'Mad Men' Recap: Unattainable Beauty
This week on Mad Men, Joan sells herself for Jaguar, Peggy leaves SCDP for a rival agency and Don is the moral voice of reason in almost every situation. Let that sink in for a second. Don Draper, voice of reason. You know a situation is really out of control when it grosses out Don Draper.
When Mad Men first began, the show’s sexism was blatant and in-your-face. As Mad Men continued, the female characters became more empowered, at least within their own narrow worlds. Peggy moved up to copywriter, Joan garnered more respect, Betty got out of her damaging marriage with Don. This season, even secretary-turned-wife Megan turned out to have more to her than met the eye.

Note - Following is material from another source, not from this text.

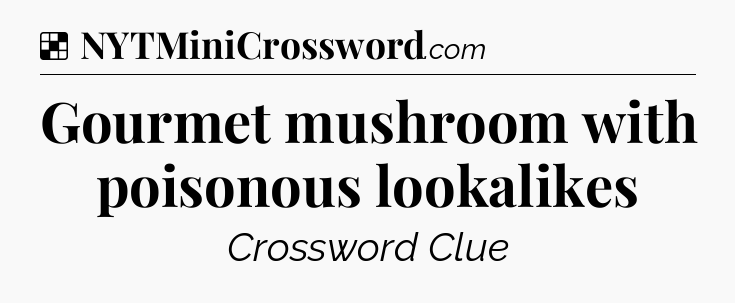 Solution: Gourmet mushroom with poisonous lookalikes - NYT Crossword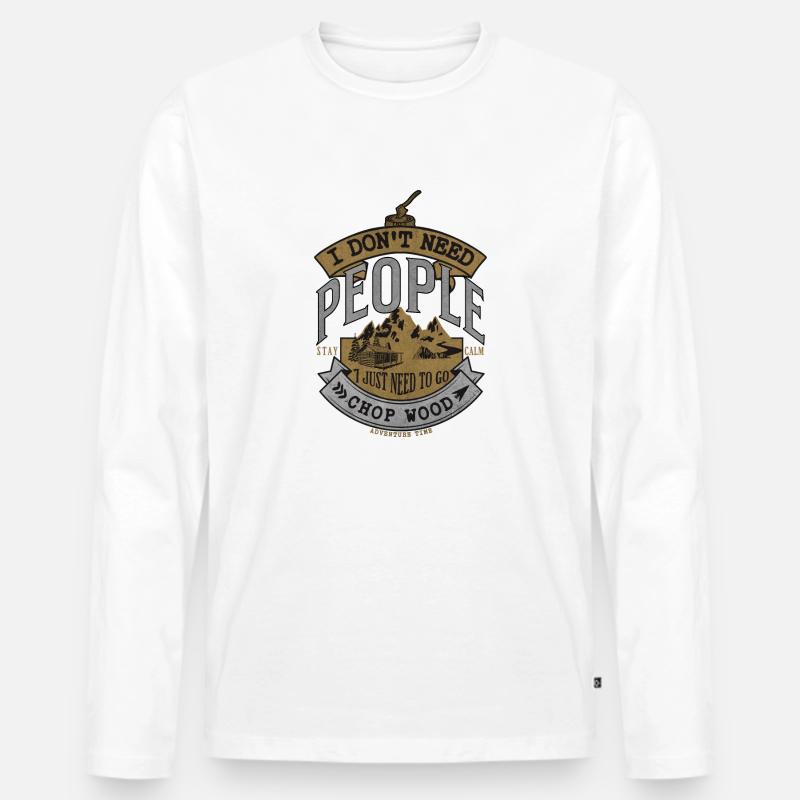 Holz Hacken -Lustiger Spruch - Geschenk - Männer Premium Bio Langarmshirt - Weiß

It got easier to ignore the sexism and inherent inequality of the universe in which Mad Men exists. This episode ripped the curtain off, exposing just how far the female characters have actually come. Peggy finally realizes that she’ll never be respected in the way she wants to be at SCDP, especially by Don. Joan becomes partner, but at a terrible price. Meanwhile, Megan and Don continue to have the same fight about her career, especially when it turns out a new part might take her away to Boston for three months.
The pitch to Jaguar really sums it up: Women are objects to be bought and sold. They can be unattainable and they can be won, but at the end of the day they’re just objects to men. This is a show about advertising, after all. Everything is for sale.
"If they weren’t pretty, if they weren’t temperamental, would we still love them like we do?" Don asks in this pitch, equating women to Jaguars. "What price would we pay? What behavior would we forgive?" he asks. This week, there’s a lot of behavior to forgive and the price seems much too steep.